2014 Grad a Musical Révélation
After Hanifah Walidah's dynamic performance with the French electro-soul band St. Lô at a top European festival, TransMusicales de Rennes, the newspaper Le Monde dubbed the group it's 2012 "TransMusicales Révélation" — a recognition that it previously bestowed on Nirvana, Bjork and Lenny Kravits.
Meanwhile, Walidah, a native New Yorker, also was immersed in revelations of her own contriving, thanks to Borough of Manhattan Community College and the CUNY Baccalaureate program, from which she graduates magna cum laude with a 2014 degree in popular culture and collaborative media.
During most of her 20-year career as a musician, playwright, filmmaker, educator and social arts activist, she called living the best education, "but I was muffling the small voices that wanted a traditional education. Being able to access a wealth of information I could apply to the life I live, that really hit it on the head for me. It was the joy of learning and the immediate application of what I learned" that resonate most.
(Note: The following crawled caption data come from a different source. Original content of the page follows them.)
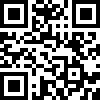 https://qudsonline.ir/x7qtk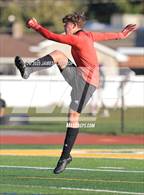 Photo from the gallery "Honeoye Falls-Lima @ Greece Olympia"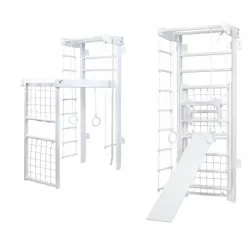   Climeframe Transformer 8 - 6096142882806 - 28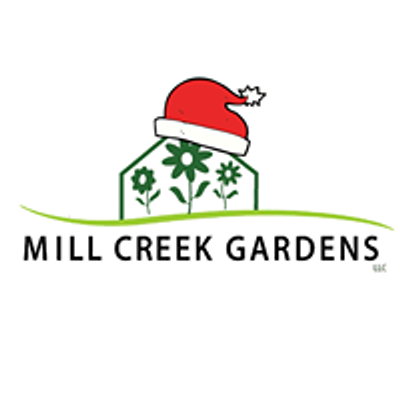 Mill Creek Gardens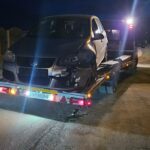 Tractari auto Tg jiu Gorj DmfCompany Runcu Valea Sohodolului Pestisani Tismana Baia de aramă Gorj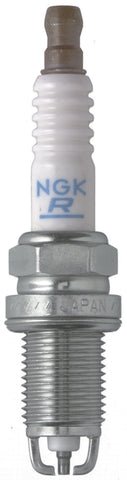 NGK Laser Platinum Spark Plug Box of 4 (BKR6EKPB-11) - 3452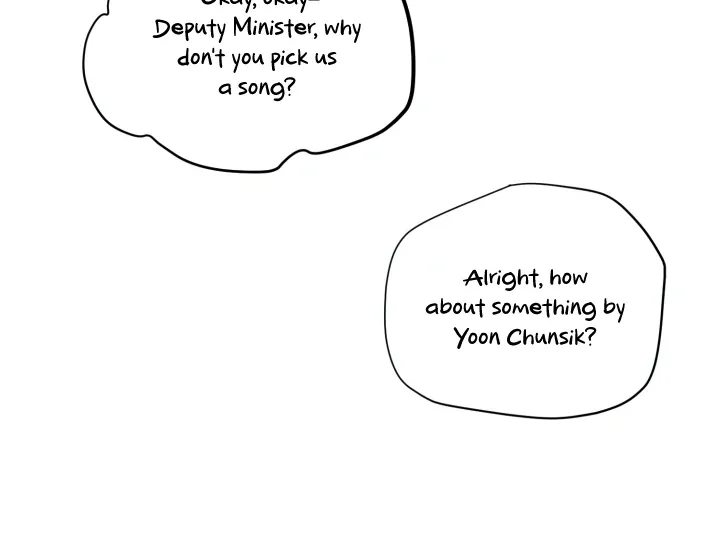 Prostate Capture Report Chapter 19 page 55 - 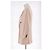 Loro Piana Hellrosa Tailor-Jacke Pink - Ansicht 4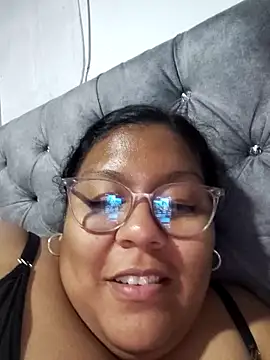 sheila ro online show from April 1, 11:57 pm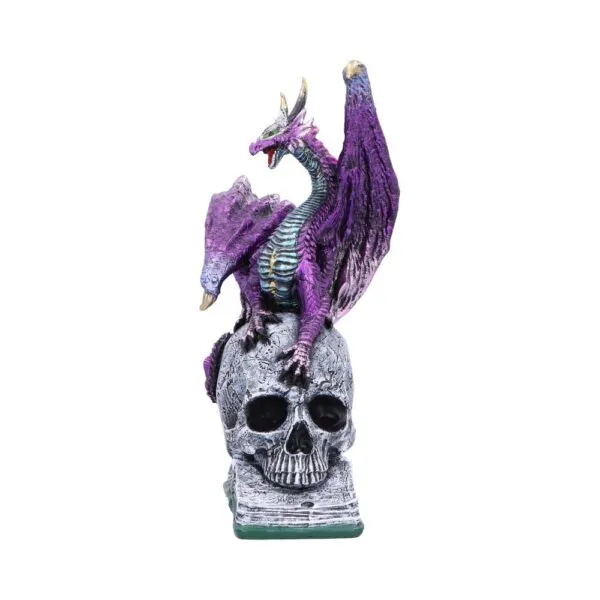 u7065b25-1.webp Titans Reign 20.5cm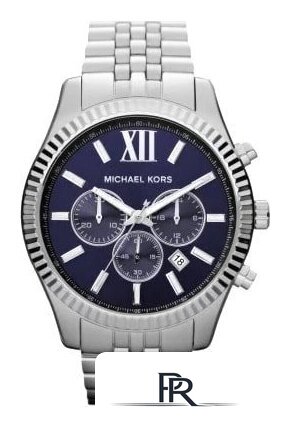 Наручные часы Michael Kors MK8280 - Изображение №1 — Интернет-магазин ПроЗаказ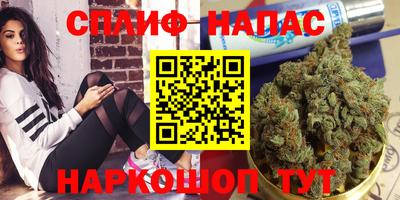 дмт Апрелевка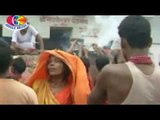 Kanwar Mangai Dinhi ji | Kanwriya Chham Chham Nache | Badal BAvali , Shubha Mishra
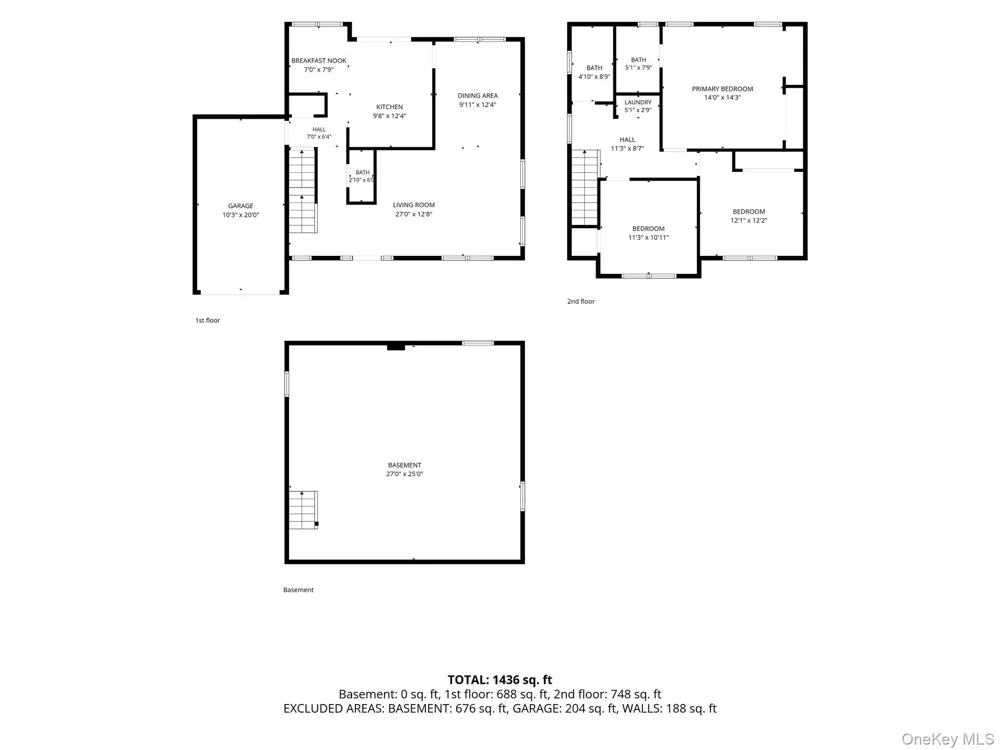 2 Community Road Coram, NY 11727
Speaking after a gig in Belgium that she squeezed in before commencement, she said she learned about the CUNY BA program at BMCC from a poster featuring James Dean. She chose it for baccalaureate work "because of the flexibility not just in self-designing your own major, but the flexibility in changing your mind. You can think you want to learn one thing and realize you have to pivot."
She has pivoted frequently. She co-directed the award-winning 2008 rockumentary "U People," in which 30 women of color who span sexualities and gender expression discuss gay and straight relations within the black community after they have made an MTV-Logo music video. Her one-woman show and feature-length film "Black Folks' Guide to Black Folks" stimulated conversations among gay and straight communities of color. She helped found the Rivers of Honey theater cabaret. And she debuted as hip-hop artist Sha-Key in 1994, sang and composed for the soul-reggae band Brooklyn Funk Essentials, recorded singles and albums and much more — most recently St. Lô's first album, "Room 415."
Walidah says Hunter anthropology professor Jonathan Shannon deeply influenced her study of pop culture and collaborative media. "I realized that the important question is not just why someone creates art, but how the artist's footprint affects others," she says.
With other mentors, she blended anthropology, African studies, music, history and media into an ethnographic approach to the arts and social change: Hunter music professor Barbara Hampton, who has written about African and African-American traditional and popular music and women musicians; Baruch associate professor Kyra Gaunt, for whom she worked social media in a project involving conversations about race and racism; Brooklyn associate professor and saxophonist Michael Salim Washington, who coordinates jazz studies; and Hunter film-media studies assistant professor Bill D. Herman, who supported her independent studies with digital media and copyright and with whom she first sketched the ideas for yaHeard, her music tech startup.
She developed yaHeard at City College's Zahn Innovation Center, where she made it to the semifinals in a funding competition and later launched on her own. At YaHeard.co, the shared photo experiences from one show become artists' invitation for the next. YaHeard, Walidah explains, "captures the special relationship that bands already have with their fans to help these artists with their online promotional needs." It's aimed at artists "who are doing two or three shows a month in this town and touring regularly, making enough of an income to think of how they can build on that and sustain themselves."
Down the line, Walidah expects to seek a master's or doctorate, but for now, she's heading to France for a summer tour with St. Lô.